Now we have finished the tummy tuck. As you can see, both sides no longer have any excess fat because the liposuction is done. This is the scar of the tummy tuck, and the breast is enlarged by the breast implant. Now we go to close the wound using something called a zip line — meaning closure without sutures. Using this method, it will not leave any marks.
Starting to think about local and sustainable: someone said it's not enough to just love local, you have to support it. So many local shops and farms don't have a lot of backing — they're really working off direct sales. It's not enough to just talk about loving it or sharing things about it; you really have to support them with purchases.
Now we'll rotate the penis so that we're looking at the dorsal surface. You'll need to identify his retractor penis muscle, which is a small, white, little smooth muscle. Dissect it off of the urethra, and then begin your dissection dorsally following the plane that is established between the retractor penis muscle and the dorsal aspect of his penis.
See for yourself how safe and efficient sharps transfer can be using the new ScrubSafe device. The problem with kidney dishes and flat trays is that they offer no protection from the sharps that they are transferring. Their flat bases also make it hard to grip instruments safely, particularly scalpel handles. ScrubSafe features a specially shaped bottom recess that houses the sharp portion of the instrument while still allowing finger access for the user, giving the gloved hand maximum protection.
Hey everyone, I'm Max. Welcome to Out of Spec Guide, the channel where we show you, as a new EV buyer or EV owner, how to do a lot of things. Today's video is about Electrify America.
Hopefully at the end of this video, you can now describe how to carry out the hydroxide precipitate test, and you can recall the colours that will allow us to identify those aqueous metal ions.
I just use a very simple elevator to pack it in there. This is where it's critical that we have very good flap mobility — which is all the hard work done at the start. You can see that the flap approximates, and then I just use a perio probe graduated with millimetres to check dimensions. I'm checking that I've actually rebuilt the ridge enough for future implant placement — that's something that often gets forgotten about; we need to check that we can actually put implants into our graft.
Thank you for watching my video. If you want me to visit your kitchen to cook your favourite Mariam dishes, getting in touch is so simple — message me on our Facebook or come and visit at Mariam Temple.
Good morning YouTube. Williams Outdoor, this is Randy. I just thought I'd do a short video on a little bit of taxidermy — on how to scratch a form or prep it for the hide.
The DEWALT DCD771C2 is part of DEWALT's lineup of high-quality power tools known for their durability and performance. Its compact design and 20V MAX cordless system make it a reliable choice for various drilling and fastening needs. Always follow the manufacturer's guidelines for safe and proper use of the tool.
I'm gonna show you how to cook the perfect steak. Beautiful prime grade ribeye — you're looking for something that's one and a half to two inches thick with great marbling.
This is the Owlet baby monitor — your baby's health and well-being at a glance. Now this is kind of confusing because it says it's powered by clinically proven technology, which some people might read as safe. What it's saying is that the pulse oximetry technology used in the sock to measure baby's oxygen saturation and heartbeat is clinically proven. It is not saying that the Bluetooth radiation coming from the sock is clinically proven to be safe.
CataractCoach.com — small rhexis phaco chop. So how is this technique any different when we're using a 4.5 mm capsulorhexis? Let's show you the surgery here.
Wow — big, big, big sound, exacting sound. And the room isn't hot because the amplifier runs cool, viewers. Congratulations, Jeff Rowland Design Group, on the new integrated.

-*-*-

### What is needed
All of the material above should be repeated word for word.

### Answer for the task
Now we have finished the tummy tuck. As you can see, both sides no longer have any excess fat because the liposuction is done. This is the scar of the tummy tuck, and the breast is enlarged by the breast implant. Now we go to close the wound using something called a zip line — meaning closure without sutures. Using this method, it will not leave any marks.
Starting to think about local and sustainable: someone said it's not enough to just love local, you have to support it. So many local shops and farms don't have a lot of backing — they're really working off direct sales. It's not enough to just talk about loving it or sharing things about it; you really have to support them with purchases.
Now we'll rotate the penis so that we're looking at the dorsal surface. You'll need to identify his retractor penis muscle, which is a small, white, little smooth muscle. Dissect it off of the urethra, and then begin your dissection dorsally following the plane that is established between the retractor penis muscle and the dorsal aspect of his penis.
See for yourself how safe and efficient sharps transfer can be using the new ScrubSafe device. The problem with kidney dishes and flat trays is that they offer no protection from the sharps that they are transferring. Their flat bases also make it hard to grip instruments safely, particularly scalpel handles. ScrubSafe features a specially shaped bottom recess that houses the sharp portion of the instrument while still allowing finger access for the user, giving the gloved hand maximum protection.
Hey everyone, I'm Max. Welcome to Out of Spec Guide, the channel where we show you, as a new EV buyer or EV owner, how to do a lot of things. Today's video is about Electrify America.
Hopefully at the end of this video, you can now describe how to carry out the hydroxide precipitate test, and you can recall the colours that will allow us to identify those aqueous metal ions.
I just use a very simple elevator to pack it in there. This is where it's critical that we have very good flap mobility — which is all the hard work done at the start. You can see that the flap approximates, and then I just use a perio probe graduated with millimetres to check dimensions. I'm checking that I've actually rebuilt the ridge enough for future implant placement — that's something that often gets forgotten about; we need to check that we can actually put implants into our graft.
Thank you for watching my video. If you want me to visit your kitchen to cook your favourite Mariam dishes, getting in touch is so simple — message me on our Facebook or come and visit at Mariam Temple.
Good morning YouTube. Williams Outdoor, this is Randy. I just thought I'd do a short video on a little bit of taxidermy — on how to scratch a form or prep it for the hide.
The DEWALT DCD771C2 is part of DEWALT's lineup of high-quality power tools known for their durability and performance. Its compact design and 20V MAX cordless system make it a reliable choice for various drilling and fastening needs. Always follow the manufacturer's guidelines for safe and proper use of the tool.
I'm gonna show you how to cook the perfect steak. Beautiful prime grade ribeye — you're looking for something that's one and a half to two inches thick with great marbling.
This is the Owlet baby monitor — your baby's health and well-being at a glance. Now this is kind of confusing because it says it's powered by clinically proven technology, which some people might read as safe. What it's saying is that the pulse oximetry technology used in the sock to measure baby's oxygen saturation and heartbeat is clinically proven. It is not saying that the Bluetooth radiation coming from the sock is clinically proven to be safe.
CataractCoach.com — small rhexis phaco chop. So how is this technique any different when we're using a 4.5 mm capsulorhexis? Let's show you the surgery here.
Wow — big, big, big sound, exacting sound. And the room isn't hot because the amplifier runs cool, viewers. Congratulations, Jeff Rowland Design Group, on the new integrated.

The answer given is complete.